La touffeur est un peu tombée, et nous émergeons de notre apathie,
pour une ballade en ville. Un peu à tâtons, nous déambulons
à travers plusieurs quartiers, où bruits, couleurs, odeurs se
mélangent pour vite faire perdre pied tout en laissant en tête
des images fascinantes : marchés, ruelles, places, gare ferroviaire...
Ici, on se laisse tenter par quelques accras de morue qu'une femme accroupie
sur le trottoir fait cuire dans son chaudron. Là, achalage en règle
par tout un groupe de vendeurs de cuir, colliers, peintures et je ne sais
quoi d'autre.
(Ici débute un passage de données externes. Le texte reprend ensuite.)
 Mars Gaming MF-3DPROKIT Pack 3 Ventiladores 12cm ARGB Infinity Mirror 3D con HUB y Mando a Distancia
La fatigue nous regagne vite, et nous repartons direction la
pharmacie du quartier des Mamelles, où Lamine, un ami de Cyril qu'il
a connu sur Paris, nous avait justement donné rendez-vous. A seize
ans, ce jeune sénégalais surdoué de l'informatique (entre
deux pannes de courant évidemment) passe son bac de français,
et avait fait un stage à Paris où il avait connu Cyril et son
univers des fêtes et rencontres de "Maubeuge". Du haut de
ses 2m06, il nous retrouve facilement au lieu prévu, et l'on s'en va
fêter sur "la Pointe", un secteur plutôt riche de la
ville, où, une fois passés les grands hôtels alignés
le long de la route, on trouve une attrayante ambiance d'un bord de mer où
il fait bon flâner, au crépuscule, attirés à droite
et à gauche par les odeurs d'épices des gargotes en plein air.
La nuit tombe et c'est dans une obscurité quasi complète que
l'on dévore crevettes, keurs (un régal) et brochettes de poissons,
faisant une confiance aveugle mais méritée à la cuisinière.
Pour accompagner le tout, les jus de Bouy nous tapissent l'oesophage de quelques
notes fraîches et suaves à la fois.
La soirée s'achève doucement, au son des vagues qui déferlent
dans la tiédeur du soir. Une dernière Flag et nous rentrons,
finalement, jusqu'au quartier Baobab, que j'aurais bien du mal à retrouver
si le chauffeur de taxi n'était pas là.
Une relative fraîcheur nous accueille à la maison, et il ne faut
pas longtemps pour qu'après une rasade d'anti-moustique, nous nous
écroulions chacun dans un coin de la maison pour sombrer dans un sommeil
lourd, chargé de tant d'images, de sons, de l'atmosphère unique
de cette ville que nous venons à peine de découvrir. Sur le
canapé, sur le lit, dans un silence pesant comme une nuit d'Afrique,
chacun de nous remue encore dans sa tête, les yeux fermés, les
aventures de la journée, commencées à St Louis et finies
ici, à Dakar, ultime étape, au bout de la carte.
Il y a moins d'une semaine, j'étais à Paris à rêver notre voyage, à anticiper les coups durs, parer les plus prévisibles, et laisser porter mon imaginaire jusqu'à Dakar, une ville encore réduite pour moi à un point sur le globe, un cap au bout du continent. Ni le contact du ciment sur mes pieds usés, ni la texture du lit contre ma peau n'avait été imaginées, pensées. Pourtant ces infimes sensations s'expandent ce soir dans ma tête, concrétisant un quotidien encore illusoire : au fond de nous, qui ne doute pas un peu de sa réelle présence ici? Qui peut rapprocher et confondre le présent avec les espoirs que l'on en avait prétentieusement tissés? Entre les deux, la lourde réalité d'un incroyable périple en avion de tourisme, la traversée des continents. Suis-je le seul à peut-être n'y avoir jamais cru? À m'être seulement efforcé de persuader mon esprit que la route imaginaire pourrait un jour rattraper la réalité, s'y superposer, s'y ancrer de tout le poids de notre existence? Étranges sentiments, confusion des sens, que le sommeil appelle et éteint pour la nuit.